Exactly, Hamas can't really bring much harm to Israel. So then why these massive airstrikes to destroy it?
Daoud - you talk about Hamas rejecting legitimate offers by Fatah and other "moderate" Arabs. What could possibly be a legitimate offer? Fatah lost the 2006 elections so they must wait until the next election and let Hamas serve out the term it was elected to. Imagine John McCain coming to Barack Obama and saying "can we be co-presidents" or "can we hold elections early in 2010 instead of 2012?" Fatah lost so it must re-examine itself and run a better campaign in the next scheduled elections. That is the option of parties who lose elections - they don't get to make offers or demand compromises.
Thank you for another insightful post. I have a better understand of why the Egyptian government has been so quick to keep Gaza shuttered... The Egyptian mediation gets barely a mention over here, so I was not aware prior to this that Hamas had snubbed those talks. I doubt that would have stopped Israel from doing what it's doing now -- given the scale and the emerging details of the attack, we know that Israel has been planning this for months. But Hamas couldn't afford to lose any amicable overtures from Egypt.

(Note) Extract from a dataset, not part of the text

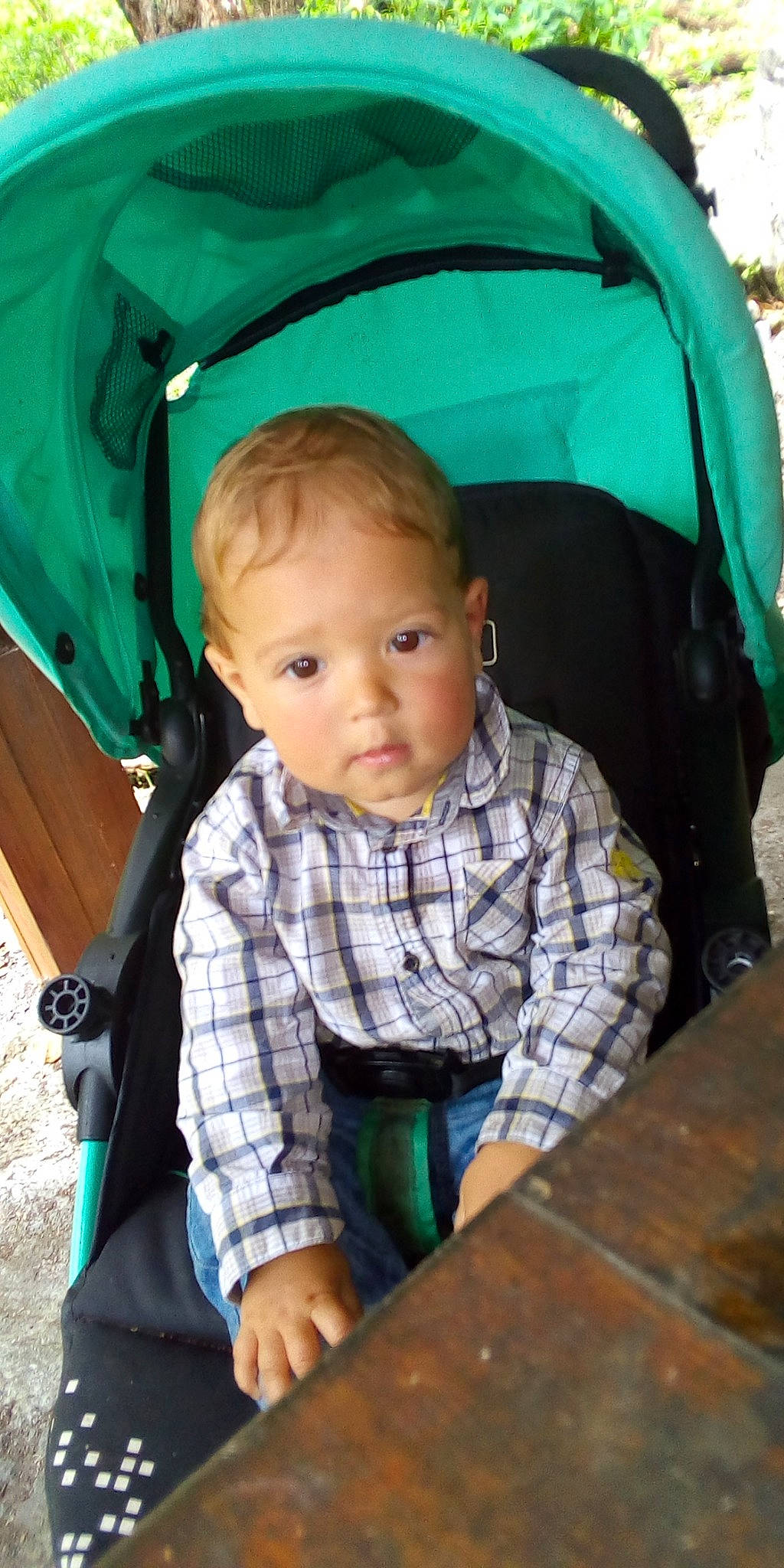 Bradley a rejoint le concours — aidez-le/la à gagner de superbes lots ! baby, baby_products, child, pattern, person, product, toddler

Israel has played a cruel, cunning game to divide the Palestinians, play factions off of one another and manipulate the whole situation to their advantage, and ultimately, destroy them. I think finally, they crossed a line that even a world made numb to atrocities can't ignore. In 2006, it was hard to get any criticism of the bombing of Lebanon in edgewise... today, however, we at least have a debate in the US over whether Israel's actions were appropriate -- which is degrading considering the magnitude of the crimes in progress, but better than criticisms of Israel being quashed as easily as they have in years past.